(Task description): From the records, pick out and copy each line containing "Vanity".

(Provided material):

======

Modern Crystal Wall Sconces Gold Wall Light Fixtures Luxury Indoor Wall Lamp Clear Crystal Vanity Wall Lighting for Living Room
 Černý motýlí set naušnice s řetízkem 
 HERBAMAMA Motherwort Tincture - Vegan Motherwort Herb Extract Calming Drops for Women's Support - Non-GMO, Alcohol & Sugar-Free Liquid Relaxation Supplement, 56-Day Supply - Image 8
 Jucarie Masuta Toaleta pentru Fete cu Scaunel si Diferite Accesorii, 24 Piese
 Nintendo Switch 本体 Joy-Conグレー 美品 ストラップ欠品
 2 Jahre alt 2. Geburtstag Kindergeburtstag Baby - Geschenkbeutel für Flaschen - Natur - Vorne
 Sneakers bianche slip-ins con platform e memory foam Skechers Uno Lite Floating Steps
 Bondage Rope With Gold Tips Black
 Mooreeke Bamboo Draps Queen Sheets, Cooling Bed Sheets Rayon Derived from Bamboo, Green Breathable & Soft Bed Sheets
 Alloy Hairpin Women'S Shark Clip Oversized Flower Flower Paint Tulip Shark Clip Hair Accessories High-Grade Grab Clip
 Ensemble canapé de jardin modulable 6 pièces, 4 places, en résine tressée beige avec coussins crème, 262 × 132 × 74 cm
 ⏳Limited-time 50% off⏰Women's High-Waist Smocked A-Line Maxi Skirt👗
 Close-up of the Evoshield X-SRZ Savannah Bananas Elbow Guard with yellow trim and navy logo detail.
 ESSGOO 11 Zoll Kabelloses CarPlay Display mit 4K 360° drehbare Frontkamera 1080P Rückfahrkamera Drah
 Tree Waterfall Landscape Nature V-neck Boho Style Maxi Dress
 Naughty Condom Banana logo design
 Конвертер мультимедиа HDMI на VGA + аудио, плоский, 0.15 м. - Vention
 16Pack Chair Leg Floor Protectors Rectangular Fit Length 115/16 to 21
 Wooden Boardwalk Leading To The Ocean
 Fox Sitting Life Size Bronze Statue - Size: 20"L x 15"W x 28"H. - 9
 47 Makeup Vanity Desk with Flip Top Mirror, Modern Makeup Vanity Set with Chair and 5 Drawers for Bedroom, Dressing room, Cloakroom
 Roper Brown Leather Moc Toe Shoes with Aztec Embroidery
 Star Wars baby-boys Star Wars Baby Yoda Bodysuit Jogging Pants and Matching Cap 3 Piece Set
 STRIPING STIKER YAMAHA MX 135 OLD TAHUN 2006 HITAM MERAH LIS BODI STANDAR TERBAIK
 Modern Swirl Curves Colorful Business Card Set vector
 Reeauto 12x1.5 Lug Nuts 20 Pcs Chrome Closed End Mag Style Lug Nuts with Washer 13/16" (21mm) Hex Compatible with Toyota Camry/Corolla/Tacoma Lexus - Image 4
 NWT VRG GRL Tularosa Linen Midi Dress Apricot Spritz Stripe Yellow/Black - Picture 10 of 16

======

(Written response):
Modern Crystal Wall Sconces Gold Wall Light Fixtures Luxury Indoor Wall Lamp Clear Crystal Vanity Wall Lighting for Living Room
 47 Makeup Vanity Desk with Flip Top Mirror, Modern Makeup Vanity Set with Chair and 5 Drawers for Bedroom, Dressing room, Cloakroom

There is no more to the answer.